Let’s assume Bray and Morley have read the tea leaves correctly and the Supreme Court is poised to restrict the scope of nationwide injunctions in cases by state and local officials challenging White House policies. Does that mean the end of broad prohibitions on potentially unconstitutional presidential actions?
It does not – and here’s where the ACLU’s class action strategy comes in.
The controversy over injunctions in AG suits arises when trial judges impose their orders on people who aren’t part of the cases before them. But when judges issue classwide injunctions, everyone covered by their orders is before them, either as a defendant or as a member of the class. That is a crucial distinction, said Notre Dame prof Bray. “Class actions are a much better vehicle” for national injunctions, he said. “The whole class is legally represented in court.”
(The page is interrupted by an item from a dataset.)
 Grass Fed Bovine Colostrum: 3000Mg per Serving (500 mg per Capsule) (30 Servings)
Law professor Alexandra Lahav of the University of Connecticut, a class action procedure expert, told me that civil rights advocates have been relied on sweeping class action injunctions to challenge state and federal policies since before the modern federal rules of procedure for class actions were adopted in 1966. In fact, according to a post Lahav and three other law profs wrote for the Harvard Law Review last month, the class action rules were drafted with these cases in mind, “to address precisely the scenario where a government policy systematically denies a group of plaintiffs a meaningful opportunity to vindicate their rights.”
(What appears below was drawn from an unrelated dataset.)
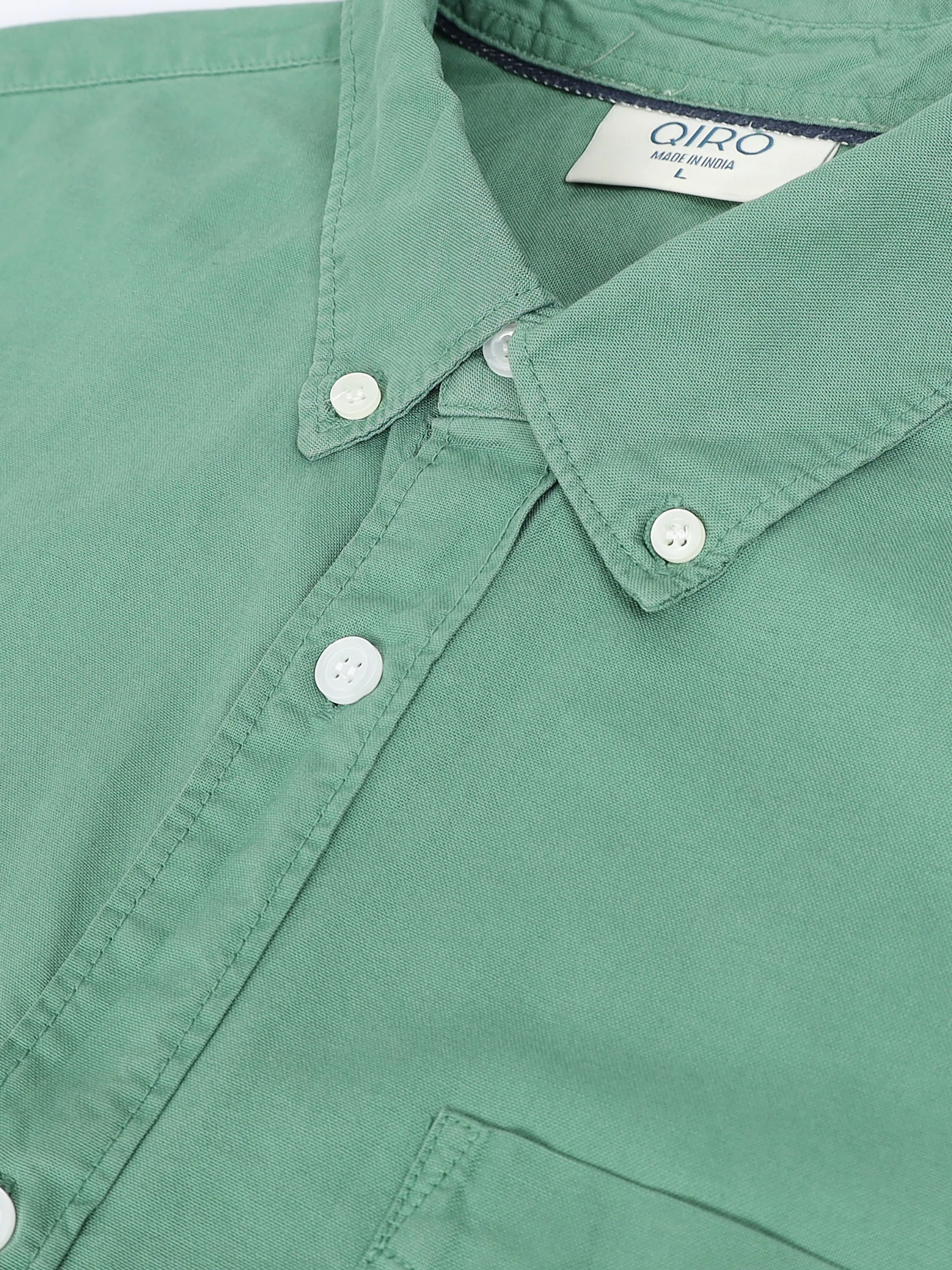 Men Green Button Down Collar Shirt - Image 4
Due process challenges against government agencies – exactly like the ACLU’s family separation case – have been considered particularly appropriate for sweeping class action treatment, the profs wrote, because “they often raise generic questions about how uniform hearing procedures impact a group of people who depend on them for relief.”
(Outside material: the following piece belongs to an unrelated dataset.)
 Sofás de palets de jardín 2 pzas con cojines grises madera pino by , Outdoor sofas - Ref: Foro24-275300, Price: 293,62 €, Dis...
Moreover, as Florida State professor Morley told me, the Supreme Court has blessed the use of a nationwide class action injunction. In 1979’s Califano v. Yamasaki, the justices said in case involving due process claims by certain Social Security recipients denied a hearing that it’s within trial judges’ discretion to certify nationwide classes.
The court may yet have more to say on the propriety of national class action injunctions. Lahav and her colleagues, for instance, wrote the Harvard blog post in response to dicta from Justice Samuel Alito in February’s Jennings v. Rodriguez. In the Jennings case, the Supreme Court reviewed a class action by immigrants challenging indefinite detention following deportation orders. The court said reversed a 9th Circuit ruling that limited detention without a hearing to six months and remanded the case. In dicta at the end of his majority opinion, Justice Alito said that on remand, the lower courts should reconsider whether the class action for injunctive relief “is an appropriate way to resolve respondents' Due Process Clause claims” in light of the Supreme Court’s tightened standards for certification of classes in cases seeking monetary damages. And Morley believes the court’s 1984 precedent in U.S. v. Mendoza, a case addressing the preclusive effect of previous rulings on the constitutionality of government policies, already discourages nationwide class action injunctions.
That’s obviously a fight for another day and another court. For the time being, Trump challengers have both nationwide and classwide injunctions at their disposal, and if they lose the former, they can continue to rely on the latter.